Bessent also offered a time frame of “months” to hammer out a trade deal with China, but suggested “good behavior” from other countries engaged in negotiations could keep the tariffs from remaining high.

“A trade deal can take months, but an agreement in principle and, the good behavior and staying within the parameter of the deal by our trading partners can keep the tariffs from ratcheting back to the maximum level.”

Here are more highlights from Bessent’s interview:

Bessent on Trump’s negotiation style

Raddatz: And President Trump’s strategy really has been to announce these tariffs, and dial some back, pause them, make exceptions. Explain why you see this as a good negotiating strategy.

Bessent: Well, in game theory it’s called “strategic uncertainty.” So you’re not going to tell the person on the other side of the negotiation where you’re going to end up. And nobody’s better at creating this leverage than President Trump. You know, he’s shown these — the high tariffs, and here’s the stick. This is where the tariffs can go.

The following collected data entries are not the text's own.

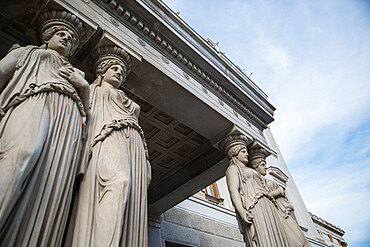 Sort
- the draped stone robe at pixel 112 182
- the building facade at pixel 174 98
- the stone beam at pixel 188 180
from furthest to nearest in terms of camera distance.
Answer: the stone beam at pixel 188 180
the building facade at pixel 174 98
the draped stone robe at pixel 112 182

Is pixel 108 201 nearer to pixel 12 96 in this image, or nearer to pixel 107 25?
pixel 12 96

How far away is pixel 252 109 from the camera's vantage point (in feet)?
21.5

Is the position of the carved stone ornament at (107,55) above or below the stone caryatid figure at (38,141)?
above

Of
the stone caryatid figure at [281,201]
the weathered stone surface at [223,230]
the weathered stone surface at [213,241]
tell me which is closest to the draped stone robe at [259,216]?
the stone caryatid figure at [281,201]

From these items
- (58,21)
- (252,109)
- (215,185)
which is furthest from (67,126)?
(215,185)

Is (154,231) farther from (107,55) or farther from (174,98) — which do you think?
(107,55)

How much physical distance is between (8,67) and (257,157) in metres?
4.61

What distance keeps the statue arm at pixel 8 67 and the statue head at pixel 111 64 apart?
1072 mm

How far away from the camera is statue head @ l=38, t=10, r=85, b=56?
2.82 metres

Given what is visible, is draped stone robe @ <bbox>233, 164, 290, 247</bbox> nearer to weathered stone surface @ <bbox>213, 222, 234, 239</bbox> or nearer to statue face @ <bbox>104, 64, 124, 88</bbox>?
statue face @ <bbox>104, 64, 124, 88</bbox>

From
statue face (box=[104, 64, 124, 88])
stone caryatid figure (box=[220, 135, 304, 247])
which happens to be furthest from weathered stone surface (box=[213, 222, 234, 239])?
statue face (box=[104, 64, 124, 88])

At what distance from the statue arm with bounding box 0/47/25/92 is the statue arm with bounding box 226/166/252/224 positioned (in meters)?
3.49

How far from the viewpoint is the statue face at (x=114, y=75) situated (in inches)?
129

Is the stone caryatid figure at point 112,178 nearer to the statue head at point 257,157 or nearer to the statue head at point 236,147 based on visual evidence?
the statue head at point 236,147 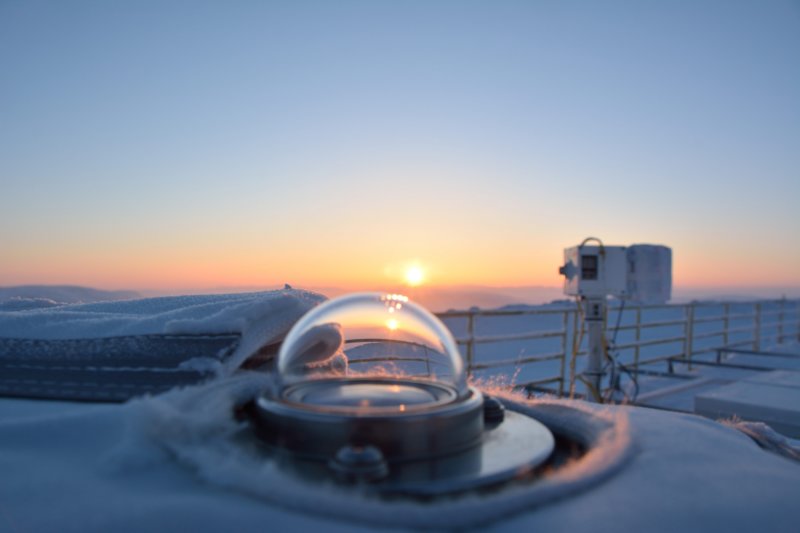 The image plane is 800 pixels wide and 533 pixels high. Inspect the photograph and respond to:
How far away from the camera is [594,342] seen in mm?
5211

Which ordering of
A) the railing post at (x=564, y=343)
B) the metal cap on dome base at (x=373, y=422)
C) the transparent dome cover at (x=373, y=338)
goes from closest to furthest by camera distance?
the metal cap on dome base at (x=373, y=422) → the transparent dome cover at (x=373, y=338) → the railing post at (x=564, y=343)

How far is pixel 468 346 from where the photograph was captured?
4898mm

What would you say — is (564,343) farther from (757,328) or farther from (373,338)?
(757,328)

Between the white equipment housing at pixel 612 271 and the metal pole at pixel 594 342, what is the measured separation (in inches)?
3.9

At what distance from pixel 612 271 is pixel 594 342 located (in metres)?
0.65

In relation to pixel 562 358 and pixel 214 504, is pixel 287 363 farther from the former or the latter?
pixel 562 358

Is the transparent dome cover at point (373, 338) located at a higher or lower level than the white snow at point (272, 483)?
higher

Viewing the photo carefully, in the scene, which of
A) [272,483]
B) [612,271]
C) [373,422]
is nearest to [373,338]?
[373,422]

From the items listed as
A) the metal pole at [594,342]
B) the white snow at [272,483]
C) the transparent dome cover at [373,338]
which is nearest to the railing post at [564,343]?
the metal pole at [594,342]

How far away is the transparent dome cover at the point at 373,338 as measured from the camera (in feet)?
3.95

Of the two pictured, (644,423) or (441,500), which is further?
(644,423)

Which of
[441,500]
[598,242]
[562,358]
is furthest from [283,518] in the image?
[562,358]

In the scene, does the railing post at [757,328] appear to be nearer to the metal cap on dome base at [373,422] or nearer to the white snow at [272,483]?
the white snow at [272,483]

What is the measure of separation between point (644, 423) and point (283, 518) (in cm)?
77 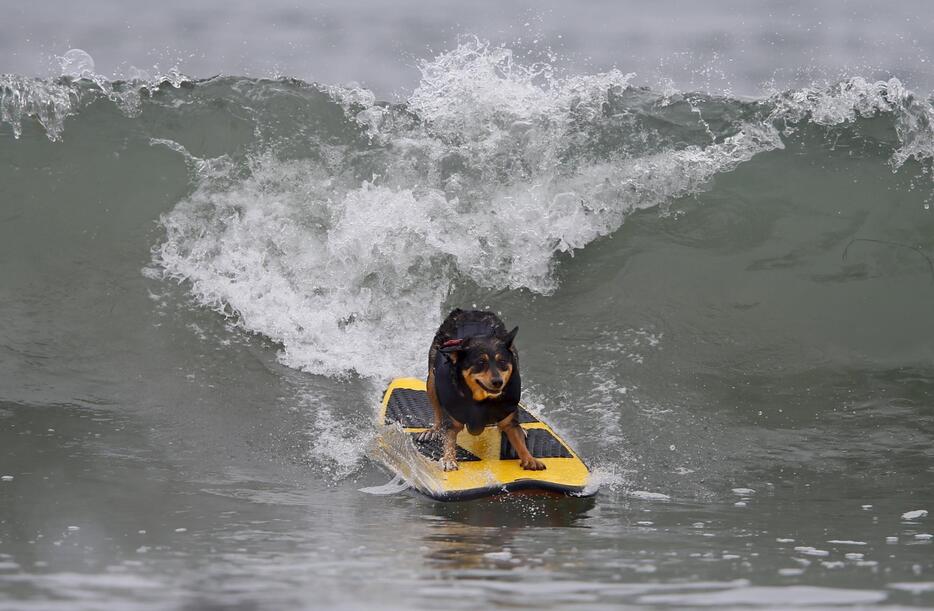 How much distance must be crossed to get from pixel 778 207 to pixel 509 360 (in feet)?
16.4

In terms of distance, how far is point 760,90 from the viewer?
38.3 ft

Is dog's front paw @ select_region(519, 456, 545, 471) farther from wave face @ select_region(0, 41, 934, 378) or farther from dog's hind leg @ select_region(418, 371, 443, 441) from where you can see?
wave face @ select_region(0, 41, 934, 378)

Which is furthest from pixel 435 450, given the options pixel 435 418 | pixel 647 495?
pixel 647 495

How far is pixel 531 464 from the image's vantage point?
21.5 ft

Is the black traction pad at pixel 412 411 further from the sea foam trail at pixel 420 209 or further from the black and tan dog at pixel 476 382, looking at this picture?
the sea foam trail at pixel 420 209

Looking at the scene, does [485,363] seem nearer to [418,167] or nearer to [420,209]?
[420,209]

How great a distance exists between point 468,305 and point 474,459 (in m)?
2.98

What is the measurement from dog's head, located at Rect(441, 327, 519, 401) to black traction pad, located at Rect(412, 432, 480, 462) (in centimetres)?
47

And the carrot is “Come to us, take off your tariffs, take off your non-tariff trade barriers, stop manipulating your currency, stop subsidizing labor and capital and then we can talk.”

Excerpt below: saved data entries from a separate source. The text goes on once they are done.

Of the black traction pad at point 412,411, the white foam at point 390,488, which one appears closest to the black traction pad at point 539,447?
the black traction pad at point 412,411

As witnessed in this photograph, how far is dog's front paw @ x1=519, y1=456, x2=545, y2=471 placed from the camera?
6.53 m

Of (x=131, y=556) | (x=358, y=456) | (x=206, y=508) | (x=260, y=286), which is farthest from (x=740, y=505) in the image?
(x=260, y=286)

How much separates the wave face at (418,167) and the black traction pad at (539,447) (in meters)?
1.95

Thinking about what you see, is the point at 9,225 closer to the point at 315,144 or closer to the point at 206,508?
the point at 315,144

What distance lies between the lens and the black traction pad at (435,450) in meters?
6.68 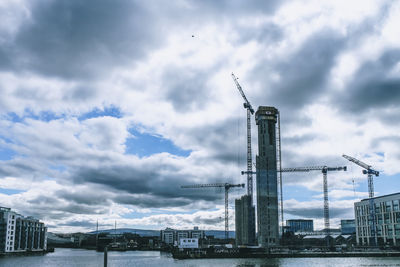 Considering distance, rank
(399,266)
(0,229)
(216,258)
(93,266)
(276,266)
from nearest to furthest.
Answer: (399,266)
(276,266)
(93,266)
(216,258)
(0,229)

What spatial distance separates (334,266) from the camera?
134125mm

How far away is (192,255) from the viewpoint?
626ft

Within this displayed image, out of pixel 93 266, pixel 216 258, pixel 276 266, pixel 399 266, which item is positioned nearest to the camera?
pixel 399 266

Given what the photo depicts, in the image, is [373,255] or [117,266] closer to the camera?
[117,266]

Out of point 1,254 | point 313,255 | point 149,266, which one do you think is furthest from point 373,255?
point 1,254

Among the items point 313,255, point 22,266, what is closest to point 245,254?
point 313,255

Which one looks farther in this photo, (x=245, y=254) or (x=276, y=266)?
(x=245, y=254)

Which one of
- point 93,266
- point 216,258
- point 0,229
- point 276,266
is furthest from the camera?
point 0,229

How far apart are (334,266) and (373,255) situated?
71.3 meters

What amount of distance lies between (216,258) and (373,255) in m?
76.6

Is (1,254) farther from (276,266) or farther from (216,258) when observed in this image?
(276,266)

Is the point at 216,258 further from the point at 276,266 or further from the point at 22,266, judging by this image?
the point at 22,266

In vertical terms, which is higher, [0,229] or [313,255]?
[0,229]

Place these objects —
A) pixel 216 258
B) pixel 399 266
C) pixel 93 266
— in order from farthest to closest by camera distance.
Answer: pixel 216 258, pixel 93 266, pixel 399 266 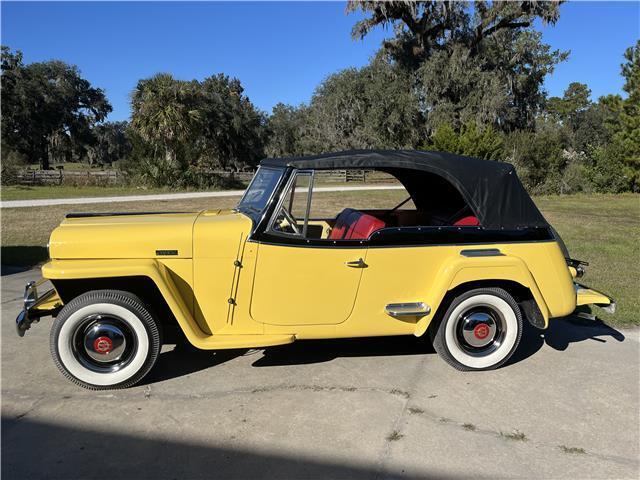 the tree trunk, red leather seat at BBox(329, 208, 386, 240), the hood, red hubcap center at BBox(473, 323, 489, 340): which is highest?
the tree trunk

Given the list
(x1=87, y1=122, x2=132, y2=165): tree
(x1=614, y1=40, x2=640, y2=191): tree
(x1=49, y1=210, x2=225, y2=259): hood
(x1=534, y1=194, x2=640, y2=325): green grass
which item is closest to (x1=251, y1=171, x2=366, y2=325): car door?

On how long negotiations with China, other countries will take

Raddatz: According to Bloomberg, you said a comprehensive deal between the U.S. and China could happen in two to three years. Trump said a deal will come quickly. You’ve heard him say that. You said, obviously, it was going to be a slog. So how long do you think?

Bessent: Well, look, I think that there is a path here. So the first path will be, again, a deescalation, which I think the Chinese are going to have to have. Then I think there can be an agreement in principle, these 17 or 18 important trade deals that we’re negotiating, the actual papering of the trade deal. A trade deal can take months, but an agreement in principle and the good behavior and staying within the parameter of the deal by our trading partners can keep the tariffs there from ratcheting back to the maximum level, sure.

On investors’ confidence in the U.S. economy

Raddatz: And it’s very rare, I think it happened a couple times in the ’70s, for the dollars, stocks and bonds to get hit as hard as they simultaneously did over the last few weeks. If the goal is to get countries to stand with us against China, does it worry you at all that investors seem to be losing confidence in the U.S.?

Bessent: Well, again, you’re saying losing confidence. And the — I don’t think that this is necessarily losing confidence. And anything — I’ve been in the markets for 35, 40 years. Anything that happens over a two-week, one-month window can be either statistical noise or market noise. And they — you know, we’re in this for the long term. And the important thing is that we are setting the fundamentals for a strong dollar, a strong economy, a strong stock market, and for investors to know that they — that the U.S. government bond market is the safest and soundest in the world.